Exercise material:
= = = =
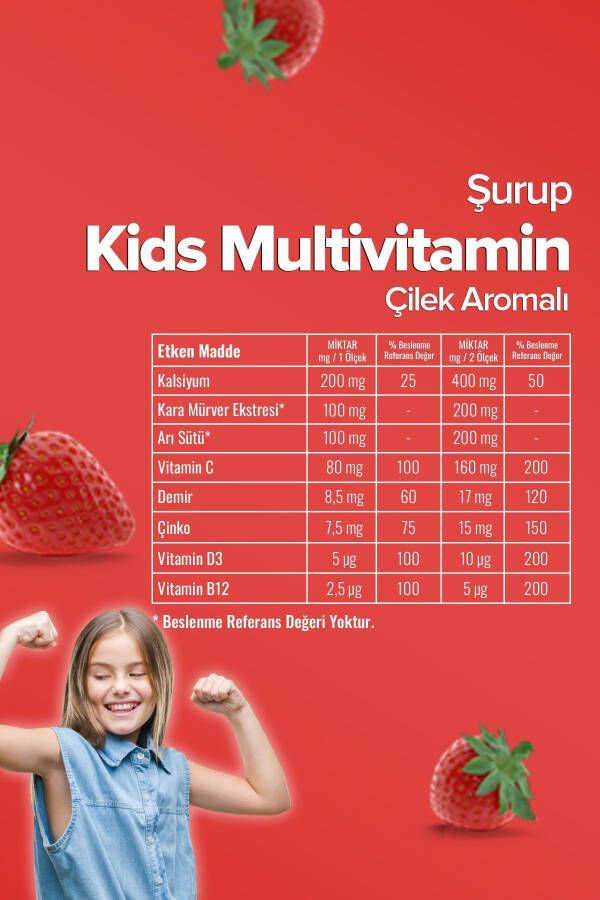 Bolalar uchun Multivitamin siropi Qulupnay 150 ml - 1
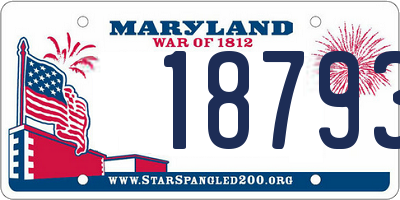 MD license plate 18793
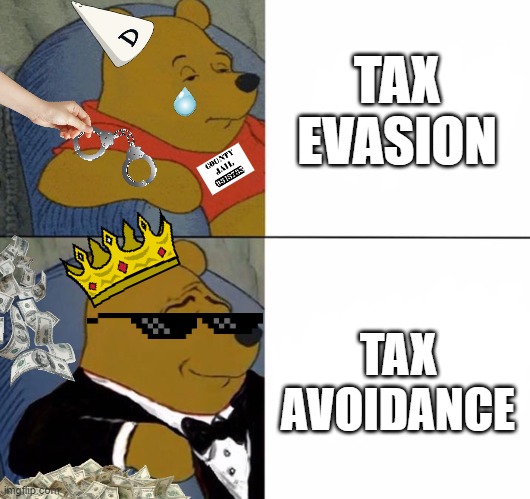 Tax Evasion vs Tax Avoidance | TAX EVASION; TAX AVOIDANCE | image tagged in taxes,money,income taxes,taxation is theft,let's raise their taxes | made w/ Imgflip meme maker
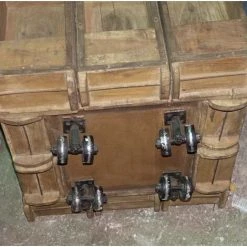 MEUBLE HOUSE Bar Snack En Bois Exotique Recyclé Sur Roues "Népalaise" - Marron -Table haute et bar Soldes 54941572 5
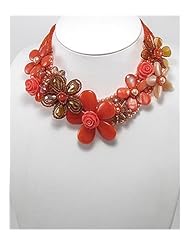 Flower Natural Stone Necklace In Sterling Silver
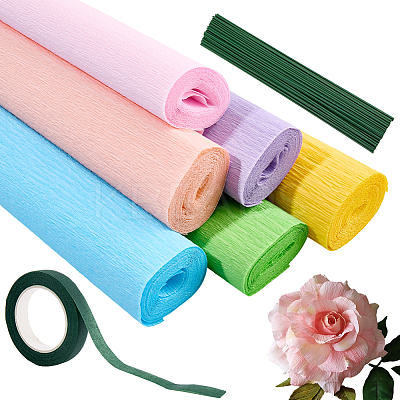 6 Rolls 6 Colors Handmade Crepe Paper DIY-CP0012-89H-1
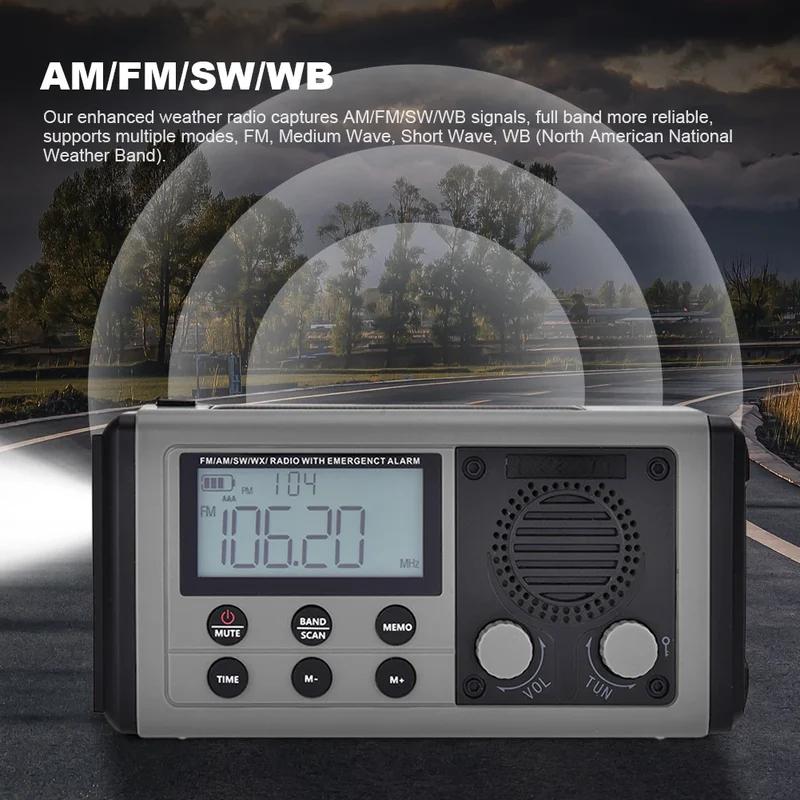 10000mAh FM Radio HRD-907 Solar Hand-Carry Portable Emergency Radio AM/FM/SW Waterproof Reading Light SOS for Outdoors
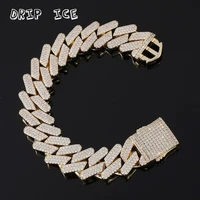 20mm micro pave cz bracelet 5a cubic zirconia iced out bling miami cuban link chain bracelets for hip hop women men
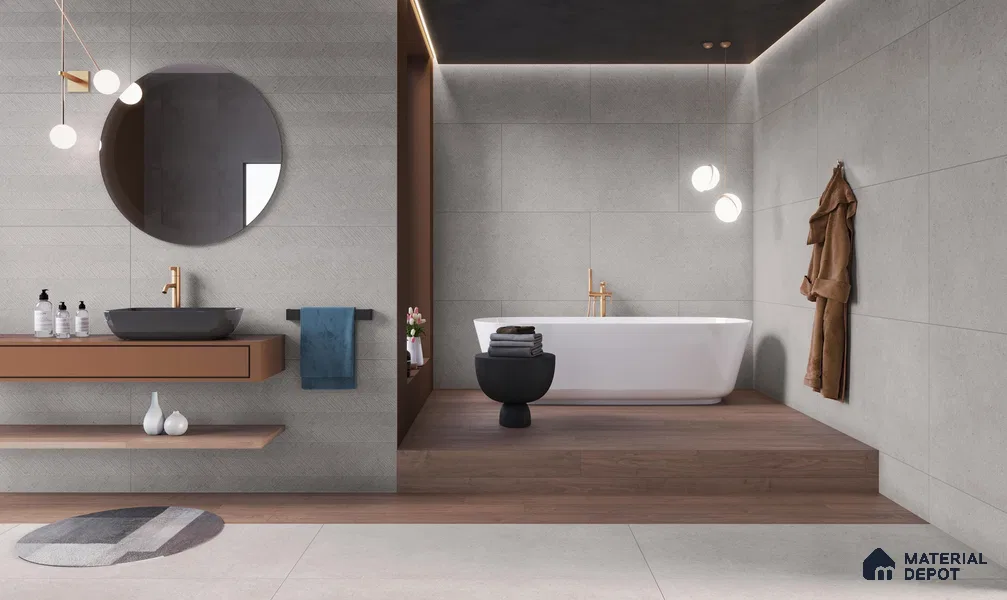 TL 12488 Delton Grey 4 ft x 2 ft Vitrified  Tile - 9 mm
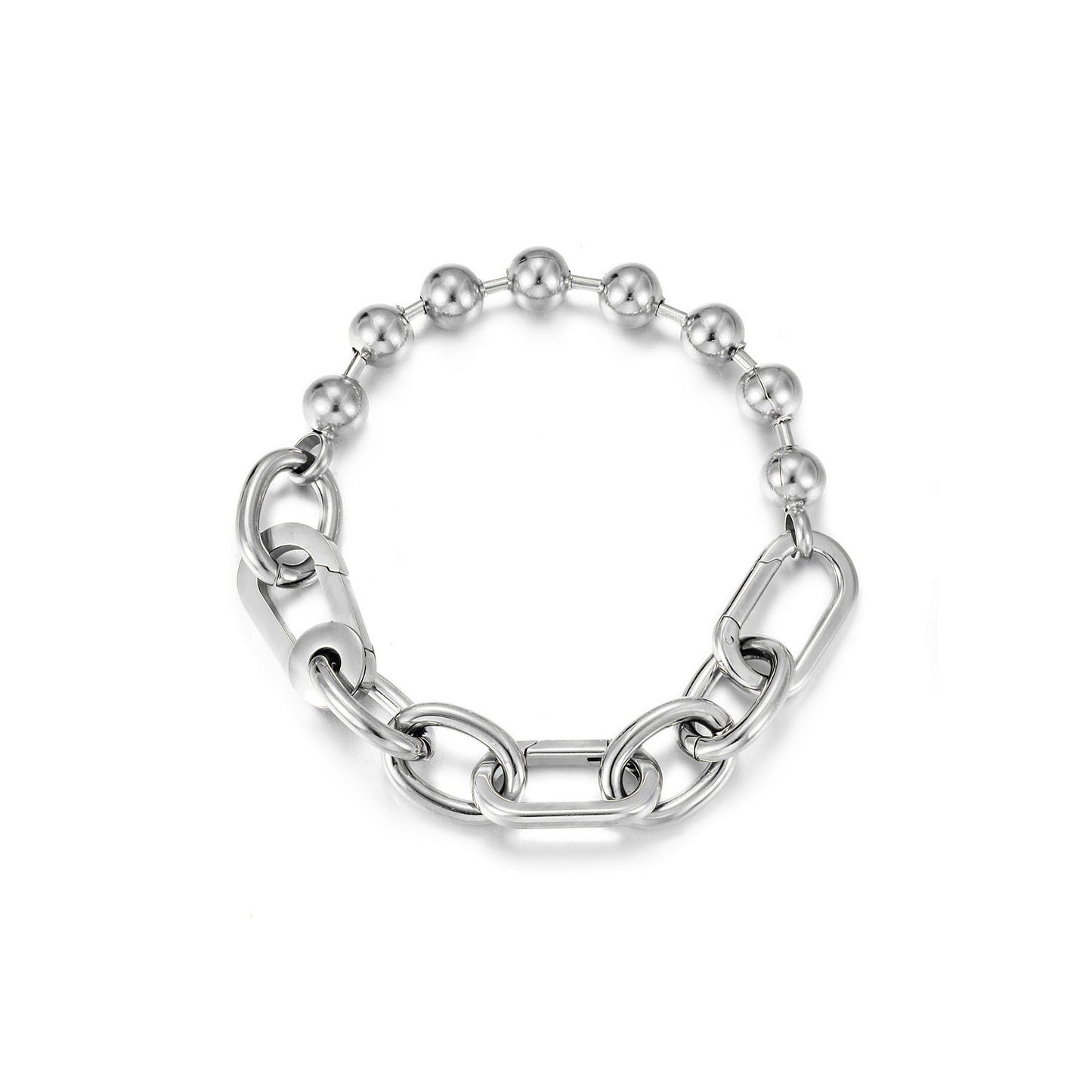 Silver Bold Link & Bead Bracelet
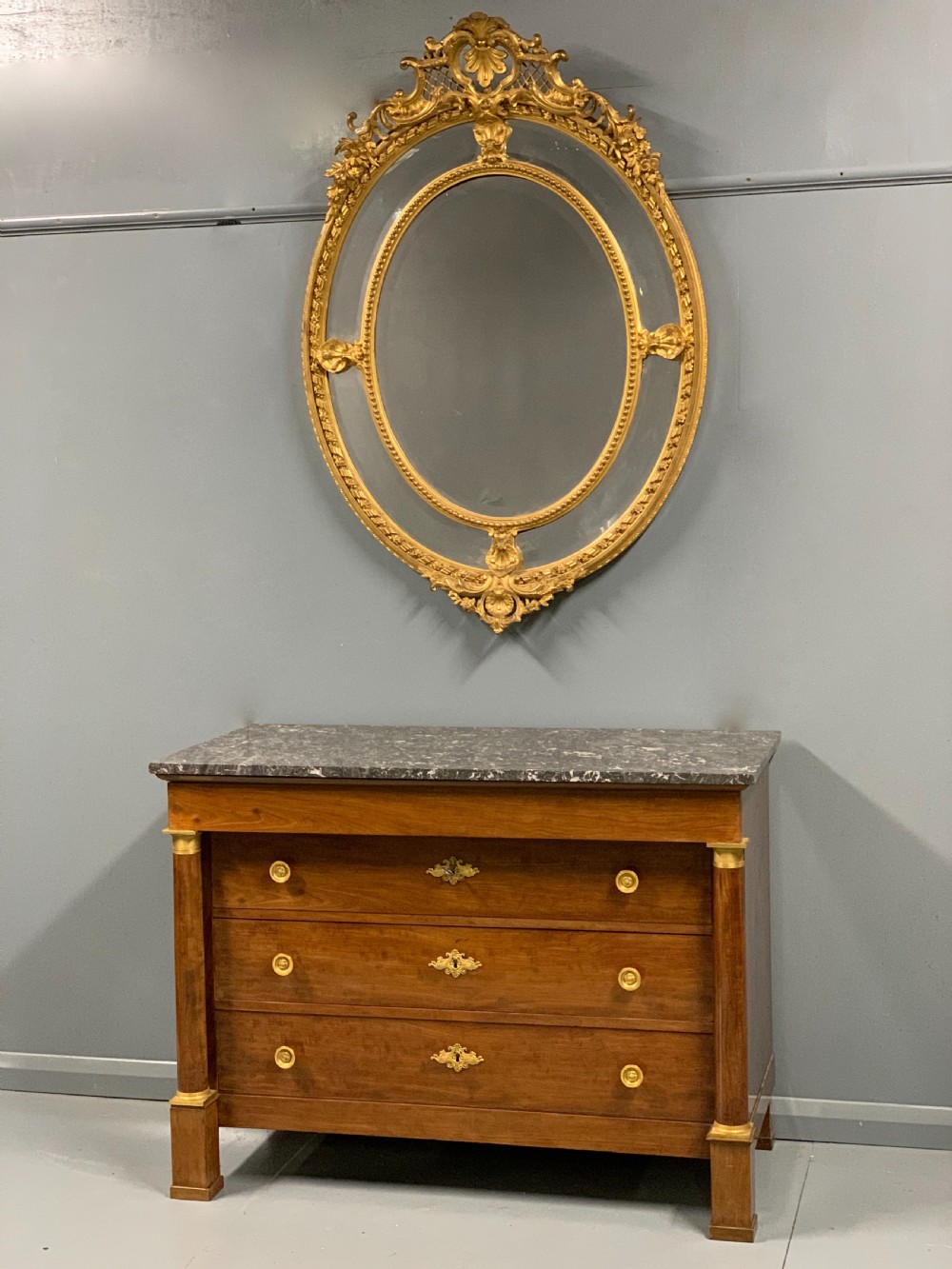 French Empire commode with marble top and brasses View II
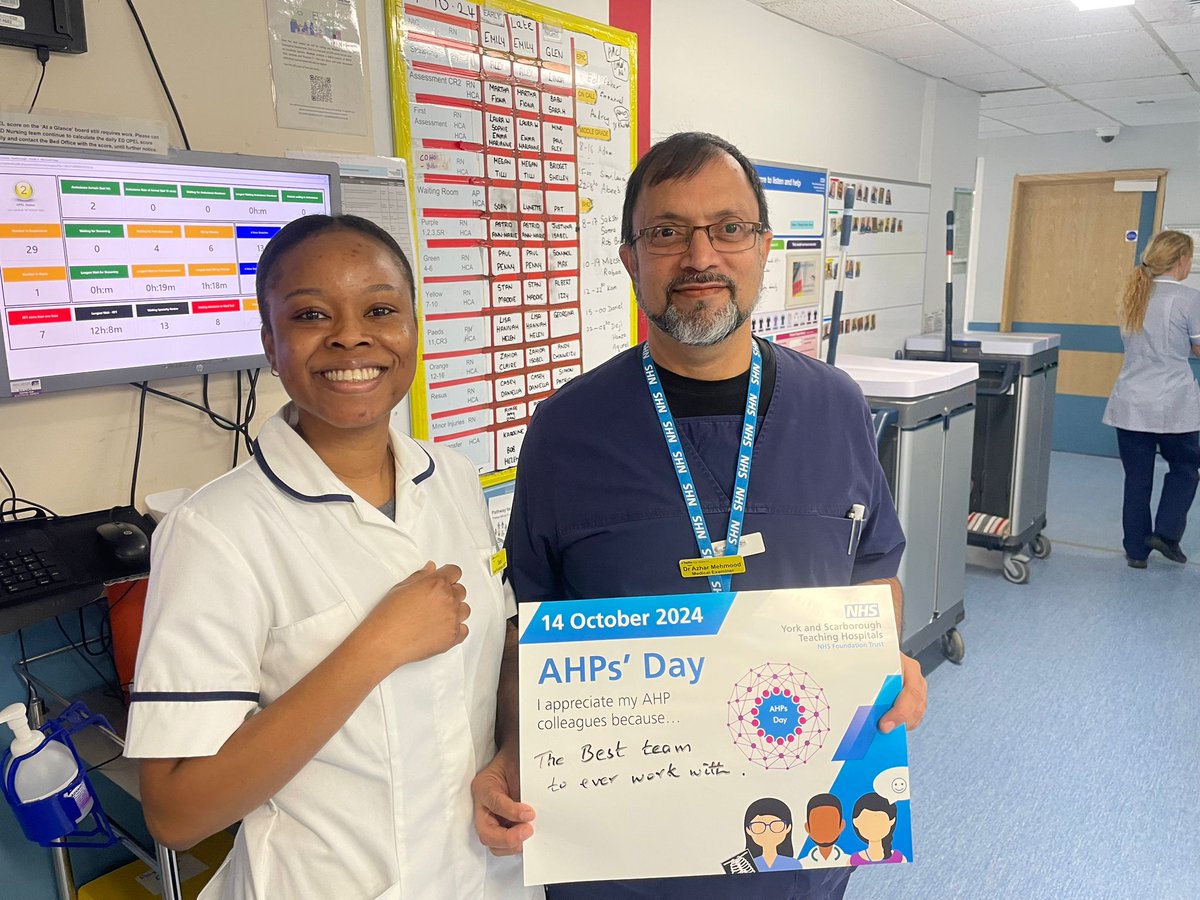 YS_AHPs's tweet photo. "The best team to ever work with". A lovely appreciation message from the team in ED @YSTeachingNHS for our #AHPs #AHPsDay2024 https://t.co/Y2RhCyOGFu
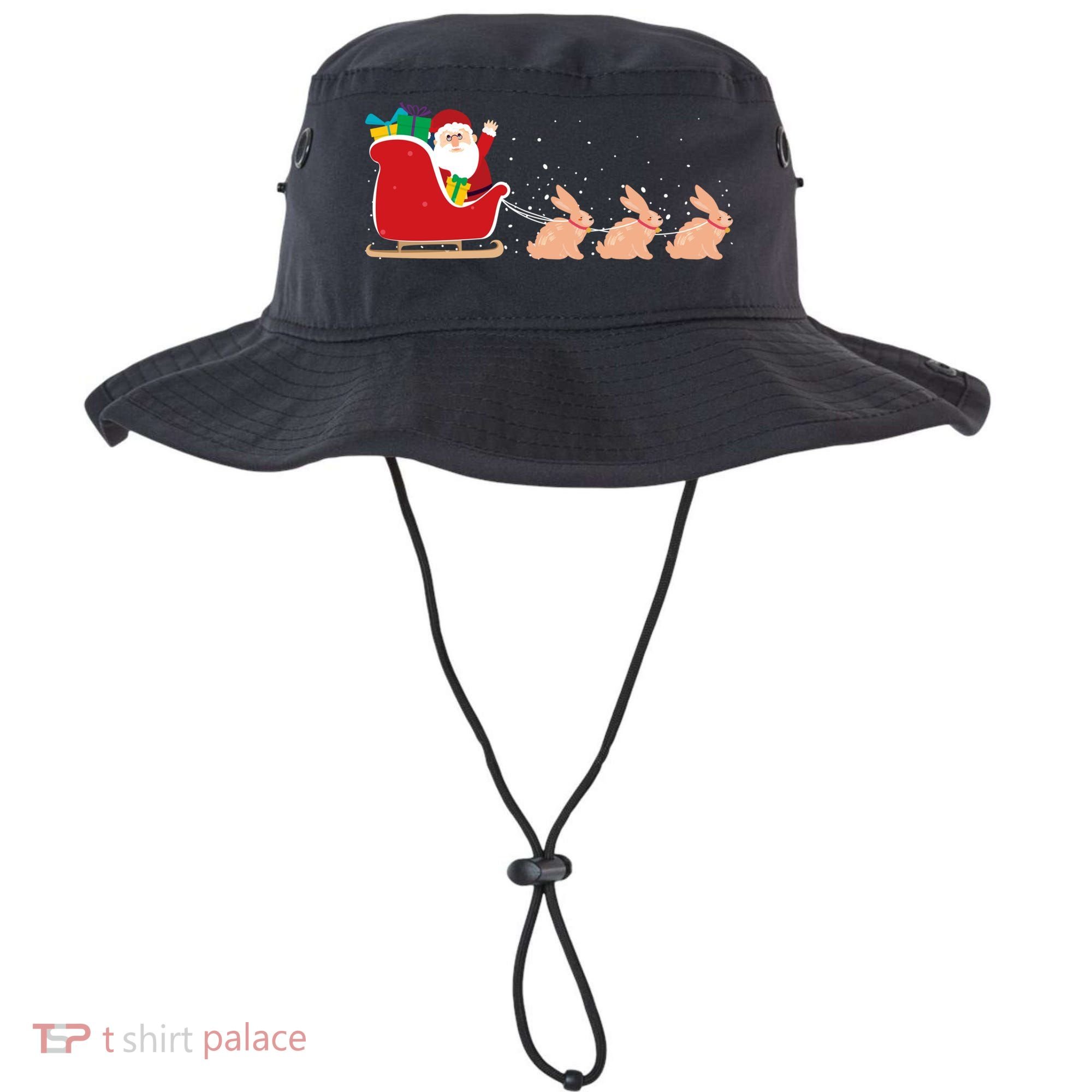 Rabbit Santa Christmas Sleigh Funny Rabbit Xmas Gift Bucket Hat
= = = =
Task item:
Excluding the pictures, retype the line containing "French Empire commode" and all lines after it down to the end of the data above.

Written solution:
 French Empire commode with marble top and brasses View II
 YS_AHPs's tweet photo. "The best team to ever work with". A lovely appreciation message from the team in ED @YSTeachingNHS for our #AHPs #AHPsDay2024 https://t.co/Y2RhCyOGFu
 Rabbit Santa Christmas Sleigh Funny Rabbit Xmas Gift Bucket Hat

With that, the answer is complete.